Even catering trucks are finding their way into wedding receptions.
“It’s all over the board,” said Dave DeGraff, owner of Main Street Catering in Flagstaff, which caters a lot of weddings.
“We customize our menu to the event. There are times when we do ethnic foods. We had a South African menu with a bobotie, a lamb dish. Some give us family recipes they want us to duplicate.”
He says they have done Mexican, Italian, Moroccan and Iranian.
“We like to do these dishes because it increases our repertoire.”
Other couples like to go the down home route and offer a tasty barbecue menu to their guests.

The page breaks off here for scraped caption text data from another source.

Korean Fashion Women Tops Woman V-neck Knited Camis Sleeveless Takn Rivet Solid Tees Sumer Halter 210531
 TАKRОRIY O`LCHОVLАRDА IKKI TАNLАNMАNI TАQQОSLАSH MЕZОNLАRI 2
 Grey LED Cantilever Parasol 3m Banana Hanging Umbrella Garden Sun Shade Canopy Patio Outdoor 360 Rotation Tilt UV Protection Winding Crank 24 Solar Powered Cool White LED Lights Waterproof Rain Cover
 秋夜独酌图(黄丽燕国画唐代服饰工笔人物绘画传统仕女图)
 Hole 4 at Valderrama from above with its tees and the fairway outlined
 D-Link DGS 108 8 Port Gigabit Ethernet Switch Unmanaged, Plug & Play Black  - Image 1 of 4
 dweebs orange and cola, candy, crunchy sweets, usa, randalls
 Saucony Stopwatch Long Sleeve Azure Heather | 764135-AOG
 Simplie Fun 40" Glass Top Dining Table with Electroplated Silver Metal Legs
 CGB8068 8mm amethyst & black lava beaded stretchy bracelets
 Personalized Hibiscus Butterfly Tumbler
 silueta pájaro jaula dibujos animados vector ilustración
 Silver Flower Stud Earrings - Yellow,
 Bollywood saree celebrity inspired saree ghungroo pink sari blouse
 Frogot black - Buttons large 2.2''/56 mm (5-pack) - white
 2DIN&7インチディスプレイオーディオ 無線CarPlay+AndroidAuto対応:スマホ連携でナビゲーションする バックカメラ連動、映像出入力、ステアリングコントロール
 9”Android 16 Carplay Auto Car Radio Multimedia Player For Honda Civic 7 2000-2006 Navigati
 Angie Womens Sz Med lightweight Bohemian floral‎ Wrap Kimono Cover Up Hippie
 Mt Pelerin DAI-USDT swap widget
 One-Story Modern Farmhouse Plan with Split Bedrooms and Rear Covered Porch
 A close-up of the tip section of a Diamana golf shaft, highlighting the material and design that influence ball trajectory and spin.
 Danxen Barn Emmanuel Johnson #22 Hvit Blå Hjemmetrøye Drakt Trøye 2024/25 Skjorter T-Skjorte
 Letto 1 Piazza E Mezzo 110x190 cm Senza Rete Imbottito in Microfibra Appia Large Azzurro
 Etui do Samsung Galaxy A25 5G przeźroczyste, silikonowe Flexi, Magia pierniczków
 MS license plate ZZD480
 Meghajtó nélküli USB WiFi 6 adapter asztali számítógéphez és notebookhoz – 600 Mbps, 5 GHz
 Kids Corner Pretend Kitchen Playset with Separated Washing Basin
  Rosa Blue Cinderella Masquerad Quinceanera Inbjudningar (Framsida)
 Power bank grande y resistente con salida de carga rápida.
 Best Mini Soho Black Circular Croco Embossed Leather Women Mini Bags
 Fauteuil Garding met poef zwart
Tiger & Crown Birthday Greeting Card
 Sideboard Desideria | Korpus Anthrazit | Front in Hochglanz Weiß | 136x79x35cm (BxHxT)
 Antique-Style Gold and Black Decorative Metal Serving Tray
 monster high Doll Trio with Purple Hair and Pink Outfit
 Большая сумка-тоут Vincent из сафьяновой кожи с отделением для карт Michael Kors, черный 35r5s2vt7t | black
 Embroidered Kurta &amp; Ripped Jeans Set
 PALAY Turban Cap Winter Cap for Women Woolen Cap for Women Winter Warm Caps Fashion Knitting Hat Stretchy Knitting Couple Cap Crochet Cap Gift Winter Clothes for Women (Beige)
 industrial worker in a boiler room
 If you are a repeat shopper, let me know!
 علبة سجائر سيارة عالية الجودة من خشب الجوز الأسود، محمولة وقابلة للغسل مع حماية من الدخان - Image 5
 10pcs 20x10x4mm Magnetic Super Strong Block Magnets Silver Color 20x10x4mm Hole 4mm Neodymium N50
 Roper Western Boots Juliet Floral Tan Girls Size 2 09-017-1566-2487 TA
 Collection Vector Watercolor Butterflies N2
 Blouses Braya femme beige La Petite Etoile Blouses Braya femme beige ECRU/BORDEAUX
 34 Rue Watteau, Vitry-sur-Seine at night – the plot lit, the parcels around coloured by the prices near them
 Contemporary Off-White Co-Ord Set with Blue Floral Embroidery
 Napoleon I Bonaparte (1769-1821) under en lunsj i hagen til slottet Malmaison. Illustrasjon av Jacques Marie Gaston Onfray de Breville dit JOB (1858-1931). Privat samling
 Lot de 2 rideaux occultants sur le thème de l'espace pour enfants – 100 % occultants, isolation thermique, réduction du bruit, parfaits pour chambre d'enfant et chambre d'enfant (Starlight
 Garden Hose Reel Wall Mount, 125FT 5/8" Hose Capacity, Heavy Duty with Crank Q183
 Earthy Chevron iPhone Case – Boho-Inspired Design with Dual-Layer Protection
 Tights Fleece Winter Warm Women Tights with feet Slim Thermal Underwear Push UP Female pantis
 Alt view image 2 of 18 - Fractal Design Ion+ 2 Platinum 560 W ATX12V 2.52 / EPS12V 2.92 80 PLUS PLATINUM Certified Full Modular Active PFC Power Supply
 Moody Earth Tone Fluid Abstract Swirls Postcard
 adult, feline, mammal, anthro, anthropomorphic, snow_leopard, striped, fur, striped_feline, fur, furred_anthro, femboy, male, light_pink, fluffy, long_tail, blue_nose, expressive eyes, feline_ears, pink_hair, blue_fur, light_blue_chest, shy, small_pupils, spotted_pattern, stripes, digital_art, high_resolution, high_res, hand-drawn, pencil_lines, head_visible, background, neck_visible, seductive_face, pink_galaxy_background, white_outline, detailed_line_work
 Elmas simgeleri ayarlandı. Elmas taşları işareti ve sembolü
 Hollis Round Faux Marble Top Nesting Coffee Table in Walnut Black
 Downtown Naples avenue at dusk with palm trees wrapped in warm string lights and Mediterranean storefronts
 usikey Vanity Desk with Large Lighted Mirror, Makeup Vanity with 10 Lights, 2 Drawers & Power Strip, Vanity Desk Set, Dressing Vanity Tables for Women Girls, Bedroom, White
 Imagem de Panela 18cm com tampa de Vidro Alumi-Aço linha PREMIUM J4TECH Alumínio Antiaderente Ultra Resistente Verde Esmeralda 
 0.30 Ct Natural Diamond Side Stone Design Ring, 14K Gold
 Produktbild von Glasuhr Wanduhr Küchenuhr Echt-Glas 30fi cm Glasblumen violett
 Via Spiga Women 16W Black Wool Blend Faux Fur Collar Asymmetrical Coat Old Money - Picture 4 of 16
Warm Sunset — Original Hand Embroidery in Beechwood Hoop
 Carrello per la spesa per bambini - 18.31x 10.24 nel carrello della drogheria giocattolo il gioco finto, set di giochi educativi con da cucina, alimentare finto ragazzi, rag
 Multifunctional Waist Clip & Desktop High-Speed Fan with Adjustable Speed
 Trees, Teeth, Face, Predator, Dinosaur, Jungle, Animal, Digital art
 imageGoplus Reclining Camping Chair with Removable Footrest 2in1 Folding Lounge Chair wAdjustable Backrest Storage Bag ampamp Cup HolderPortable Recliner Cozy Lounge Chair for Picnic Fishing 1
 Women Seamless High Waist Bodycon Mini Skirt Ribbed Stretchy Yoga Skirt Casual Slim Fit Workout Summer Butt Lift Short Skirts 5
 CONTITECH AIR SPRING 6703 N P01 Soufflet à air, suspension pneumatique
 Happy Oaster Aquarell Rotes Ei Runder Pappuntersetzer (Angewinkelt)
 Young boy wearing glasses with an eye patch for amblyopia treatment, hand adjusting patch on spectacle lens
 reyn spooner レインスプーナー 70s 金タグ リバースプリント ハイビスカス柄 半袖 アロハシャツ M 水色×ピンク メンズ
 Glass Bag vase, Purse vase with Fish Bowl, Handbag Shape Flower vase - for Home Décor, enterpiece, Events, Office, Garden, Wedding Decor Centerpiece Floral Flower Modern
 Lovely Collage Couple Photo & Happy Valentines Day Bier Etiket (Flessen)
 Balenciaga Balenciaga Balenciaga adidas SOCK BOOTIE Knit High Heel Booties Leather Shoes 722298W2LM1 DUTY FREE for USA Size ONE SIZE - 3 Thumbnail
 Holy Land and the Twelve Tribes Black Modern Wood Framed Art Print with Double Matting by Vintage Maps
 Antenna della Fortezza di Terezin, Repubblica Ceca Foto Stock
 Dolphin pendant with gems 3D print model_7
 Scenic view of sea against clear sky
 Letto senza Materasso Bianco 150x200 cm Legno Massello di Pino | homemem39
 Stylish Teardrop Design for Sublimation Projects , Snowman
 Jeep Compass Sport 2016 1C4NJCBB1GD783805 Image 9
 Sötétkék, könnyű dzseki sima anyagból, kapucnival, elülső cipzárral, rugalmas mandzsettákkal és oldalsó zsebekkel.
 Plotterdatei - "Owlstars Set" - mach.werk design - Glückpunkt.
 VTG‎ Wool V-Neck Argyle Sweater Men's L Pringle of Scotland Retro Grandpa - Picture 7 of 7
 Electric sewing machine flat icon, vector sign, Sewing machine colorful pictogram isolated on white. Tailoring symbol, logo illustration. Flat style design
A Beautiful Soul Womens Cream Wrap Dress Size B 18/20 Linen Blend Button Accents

“We cater weddings all the time,” said Angie Crim, owner of Big John’s Texas Barbecue in Flagstaff. “I think it’s really popular to have a country wedding and quite frankly, the economy has been bad and barbecue seems to be more economical than a sit-down, fancy dinner.”
She says one couple that got married last year was so fond of the restaurant’s barbecue nachos that they had an honored place at the reception, which was catered by Big John’s.
“They had a plate of them at the head wedding table. There she was wearing her white wedding dress…” Crim said, chuckling at the thought of all that barbecue sauce and the white dress.
But it seems the dress and the marriage survived.
She says on their first anniversary, the couple came back for a plate of the barbecue nachos.
Crim said on several occasions, couples who have their weddings on houseboats at Lake Powell stop in and pick up Big John’s food for the after party before they head out on the lake for the ceremony.
And when it comes to wedding cake, tastes are changing on that front, too.
Lisa Born, who owns Sugar Mamas along with Nancy Dorffi and Lexi Striker, says the trend is a lot less traditional.
”We are going with a lot of cupcakes. We are doing a lot of gourmet cupcakes filled with mocha and pastry creams.”
She says traditional wedding cakes are labor intensive and expensive, with the cost of a piece of it running between $4.25 to $5.25 a serving, depending on the intricacy of the design.
According to Born, individual cupcakes are more economical and give the bakers more opportunity to be creative.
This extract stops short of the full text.